Il Piano straordinario – che riguarda tutta la fauna selvatica, con particolare attenzione proprio ai cinghiali – accompagnerà il PRIU, di cui la Regione Puglia si è dotata già dal 2022, adeguandolo alle norme nazionali, in un lavoro congiunto tra l'assessorato regionale all'Agricoltura e all'Ambiente, con il sistema dei parchi regionali e nazionali e delle Reti Natura 2000, i rappresentanti degli agricoltori, riuniti attorno ad un tavolo di coordinamento con funzioni consultive e propositive in materia di gestione e contenimento della fauna selvatica, con compiti di disamina del raggiungimento dei target per la mitigazione degli impatti e dei rischi potenziali causati dalla specie Sus scrofa sulle attività antropiche, sull'ambiente e sulla biodiversità, e di ricognizione delle attività poste in atto dagli enti gestori dei parchi nazionali e regionali.

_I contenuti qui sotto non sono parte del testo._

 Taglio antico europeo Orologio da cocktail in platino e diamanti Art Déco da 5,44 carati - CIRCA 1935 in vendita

Con la Puglia invasa da 250mila cinghiali, non c'è solo la peste dei cinghiali, ma è allarme per la sicurezza delle persone in campagna e città con i branchi che si spingono fin dentro i centri urbani, fra macchine in sosta, carrozzine con bambini e anziani che vanno a fare la spesa, con le aree della Murgia barese e tarantina, del Gargano e del subappennino dauno – insiste Coldiretti Puglia - divenute l'eldorado dei cinghiali che devastano i raccolti divorando lenticchie di Altamura. cicerchie, fave, ceci e piselli, broccoletti, ortaggi, piantine appena seminate di favino e grano, uva soprattutto su vite a spalliera, frutta scuotendo gli alberi, tutto il sottobosco e la biodiversità dei boschi e dei parchi.

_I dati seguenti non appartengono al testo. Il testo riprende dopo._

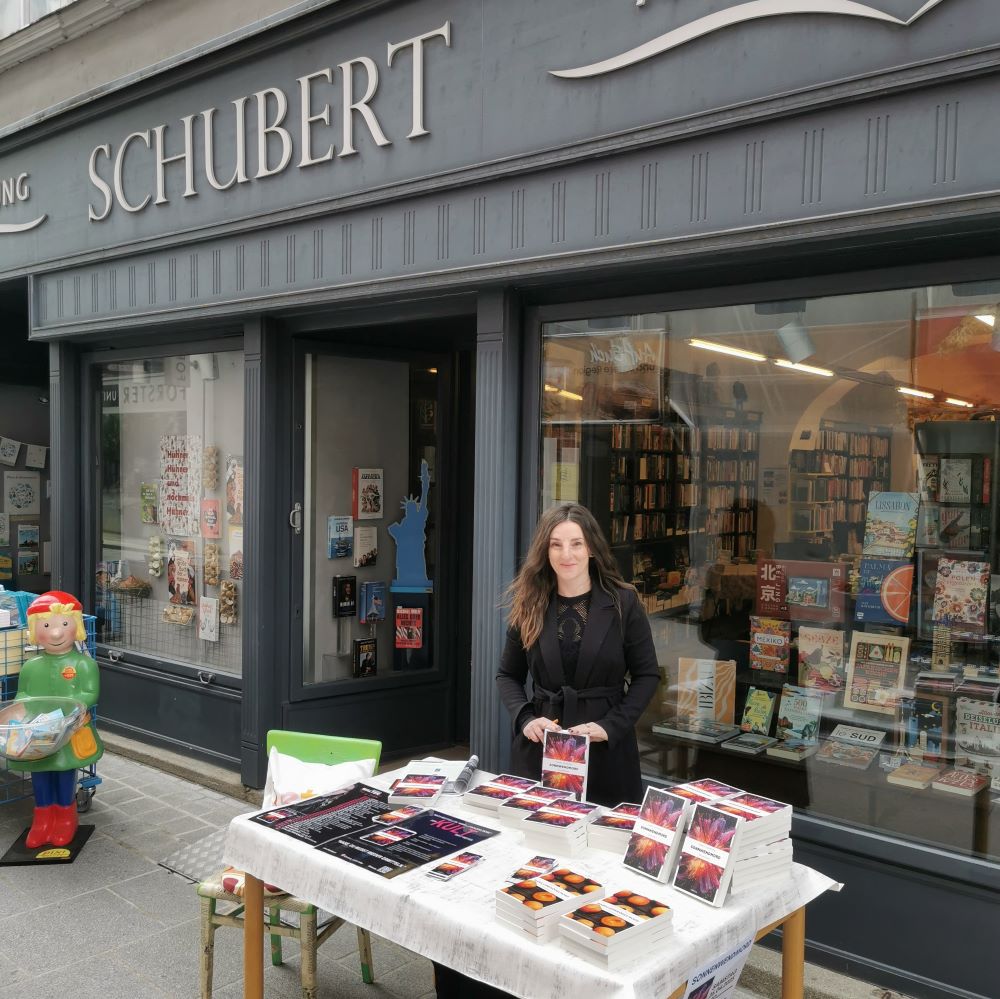 Buchhandlung Krahl und Fanny Svoboda mit dem Sonnwendmord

In Puglia sono enormi i danni causati dalla fauna selvatica, con i cinghiali che distruggono le coltivazioni e attaccano gli uomini e gli animali allevati, come anche i lupi e i cani inselvatichiti, gli storni azzerano la produzione di olive e distruggono le piazzole, le lepri divorano letteralmente interi campi di ortaggi, i cormorani mangiano i pesci negli impianti di acquacoltura, i pappagalli verdi si cibano di frutta e mandorle e il killer dei mari, il granchio blu che stermina vongole veraci, cozze, uova, altri pesci e molluschi. con un danno complessivo stimato pari ad oltre 30 milioni di euro.